# Scrapie tag lookup?



## JacksboroFarmsTN (Jan 28, 2017)

I am new to this site and was hoping someone could help me out.  I was googling about scrapie a couple days ago and found a site that you could actually lookup and see where a sheep came from by its scrapie tag number.  I cant find the page again.  Does anyone here have any idea on what site this is on?  We have gotten some new sheep and was just curious as to where they came from, no scrapie suspicion here


----------



## purplequeenvt (Jan 29, 2017)

As far as I know, there is no online database that one can search. You could call your state vet's office and they might be able to tell you if you give them the premise ID on the tag. I did find a list once, but I think it only included farms that were "non-compliant" or something like that. 

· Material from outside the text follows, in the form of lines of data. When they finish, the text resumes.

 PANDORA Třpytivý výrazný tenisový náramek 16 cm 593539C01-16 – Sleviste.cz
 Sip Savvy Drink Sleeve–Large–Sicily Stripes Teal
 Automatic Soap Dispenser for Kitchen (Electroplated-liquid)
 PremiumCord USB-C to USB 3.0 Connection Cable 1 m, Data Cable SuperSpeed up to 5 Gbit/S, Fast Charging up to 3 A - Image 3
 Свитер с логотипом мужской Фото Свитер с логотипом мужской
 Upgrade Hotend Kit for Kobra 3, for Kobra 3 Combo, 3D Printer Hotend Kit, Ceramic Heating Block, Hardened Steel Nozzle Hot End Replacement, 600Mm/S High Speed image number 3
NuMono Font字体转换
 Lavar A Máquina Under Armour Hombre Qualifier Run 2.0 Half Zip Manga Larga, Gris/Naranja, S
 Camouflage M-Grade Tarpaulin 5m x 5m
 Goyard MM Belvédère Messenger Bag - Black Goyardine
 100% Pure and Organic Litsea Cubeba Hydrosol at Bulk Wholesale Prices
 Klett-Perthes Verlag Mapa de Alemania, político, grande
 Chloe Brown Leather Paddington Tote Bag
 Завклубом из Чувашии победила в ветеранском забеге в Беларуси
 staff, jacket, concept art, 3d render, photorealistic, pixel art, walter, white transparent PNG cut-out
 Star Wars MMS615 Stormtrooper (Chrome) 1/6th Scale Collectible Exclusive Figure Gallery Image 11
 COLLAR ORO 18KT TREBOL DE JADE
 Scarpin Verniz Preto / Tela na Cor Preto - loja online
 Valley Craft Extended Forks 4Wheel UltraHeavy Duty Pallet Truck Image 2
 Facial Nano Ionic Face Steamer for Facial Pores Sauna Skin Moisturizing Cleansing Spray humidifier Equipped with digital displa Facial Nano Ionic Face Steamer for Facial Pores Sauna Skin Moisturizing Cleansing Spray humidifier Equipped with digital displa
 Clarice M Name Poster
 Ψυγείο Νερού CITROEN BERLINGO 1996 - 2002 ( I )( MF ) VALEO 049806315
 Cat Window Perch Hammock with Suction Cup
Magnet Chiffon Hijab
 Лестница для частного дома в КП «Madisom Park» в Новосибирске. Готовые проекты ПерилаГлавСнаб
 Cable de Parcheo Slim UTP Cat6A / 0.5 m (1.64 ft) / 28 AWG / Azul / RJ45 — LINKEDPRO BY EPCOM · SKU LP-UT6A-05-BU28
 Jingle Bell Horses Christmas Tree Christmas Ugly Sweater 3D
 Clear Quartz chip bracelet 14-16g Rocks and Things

If you don't know what the premise ID is, it will be 2 letters (the state) followed by numbers. For example, our premise ID is VT32. If the flock is in the mandatory program as a opposed to the voluntary one, the tags would probably be the state abbreviation, an X, and then the numbers (VTX0032 for example).


----------



## Latestarter (Jan 29, 2017)

Greetings and welcome @JacksboroFarmsTN  Nice to have you here with us! Please make yourself at home and browse around the forum threads. We have a goodly number of active Sheeple here and if you have a problem or question, most times someone will be back to you pretty quickly if you post it. Maybe you can post a quick intro in the new member section so folks can welcome you properly? I'm sure you'll meet many folks here simply by reading their posts.


----------